The ratings agencies were comically* inept at rating credit tranches of, well, everything five years ago, and are probably not much better now.  Even when rating boring old corporate and sovereign bonds, they've typically been at best a lagging indicator of events; wherever there's a quasi-liquid market indication of whatever it is the credit ratings are supposed to mean, the market has typically priced in an increase in credit risk long before the ratings get around to doing downgrades.  It may be that they provide some value in the case of new issues; their ratings of bonds from companies that haven't previously issued bonds before may impound some research that would be costly for a lot of bond investors to replicate.  It seems mostly, however, as though 1) the credit ratings are inadequate, 2) the market knows it, and 3) the only reason the credit ratings carry any importance at this point is because of capital regulations — various banks and insurance companies are required to hold a certain amount of their assets in securities with various ratings, or else are required to maintain leverage ratios that depend on the securities' credit ratings.

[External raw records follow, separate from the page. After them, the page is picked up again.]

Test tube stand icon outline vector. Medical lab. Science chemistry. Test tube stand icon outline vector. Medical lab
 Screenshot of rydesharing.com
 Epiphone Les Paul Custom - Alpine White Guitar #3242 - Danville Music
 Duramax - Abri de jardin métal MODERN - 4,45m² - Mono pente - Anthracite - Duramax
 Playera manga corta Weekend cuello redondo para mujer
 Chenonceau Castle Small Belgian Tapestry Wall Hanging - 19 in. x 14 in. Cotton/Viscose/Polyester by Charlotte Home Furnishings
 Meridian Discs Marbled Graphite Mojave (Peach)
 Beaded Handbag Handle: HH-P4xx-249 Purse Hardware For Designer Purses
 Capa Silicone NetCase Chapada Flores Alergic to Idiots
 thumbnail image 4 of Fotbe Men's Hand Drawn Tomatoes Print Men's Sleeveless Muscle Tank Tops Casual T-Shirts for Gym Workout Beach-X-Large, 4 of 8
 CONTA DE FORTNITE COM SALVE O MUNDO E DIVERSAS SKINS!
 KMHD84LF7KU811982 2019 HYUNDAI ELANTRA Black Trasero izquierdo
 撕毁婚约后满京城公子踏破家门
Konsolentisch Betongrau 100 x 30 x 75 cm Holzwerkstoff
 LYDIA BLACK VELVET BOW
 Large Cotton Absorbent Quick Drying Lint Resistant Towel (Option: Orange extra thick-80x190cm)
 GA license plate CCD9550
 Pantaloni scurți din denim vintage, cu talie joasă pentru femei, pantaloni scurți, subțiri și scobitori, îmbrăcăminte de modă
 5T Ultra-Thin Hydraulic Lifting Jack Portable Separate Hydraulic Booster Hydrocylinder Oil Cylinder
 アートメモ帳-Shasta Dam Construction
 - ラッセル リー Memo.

Many large investment banks spent much of the middle of the last decade specifically constructing securities that they knew would get high credit ratings, but with as high a yield as possible, so that regulated entities would want to buy them. The very fact that they had high yields should have been a tip-off to regulators; the market is not always efficient, but there are certain ways in which it tends not to be too inefficient, and if a liquid marketable security, in times of low credit spreads and rising stock markets, has a high yield, it might be worth the regulators' wondering whether the market collectively knows something that a simplistic model has missed.

If we really think a fund of some sort should only, by regulation, invest in securities with some maximal leverage, perhaps it would make sense to impose (say) a 75% tax on gains above some maximum rate of return; perhaps 2 percentage points above ten or thirty year treasuries would be "investment grade".  This idea isn't quite just motivated by a general belief in a risk/reward tradeoff, though it's perhaps more closely related than should be made distinct: the idea is to get these investors in the mindset that, conditional on such-and-such a return, we're optimizing risk, rather than vice-versa.  This shifts the competition for pension-fund dollars from price-competition to quality-competition, in essentially the classical way in which this is done; by making it impossible for a creator of securities to compete by offering higher yields, I'm hoping they will be compelled to compete by offering more safety — safety as determined by what the market knows now, and not just information that is old enough to have finally been acknowledged by the ratings agencies.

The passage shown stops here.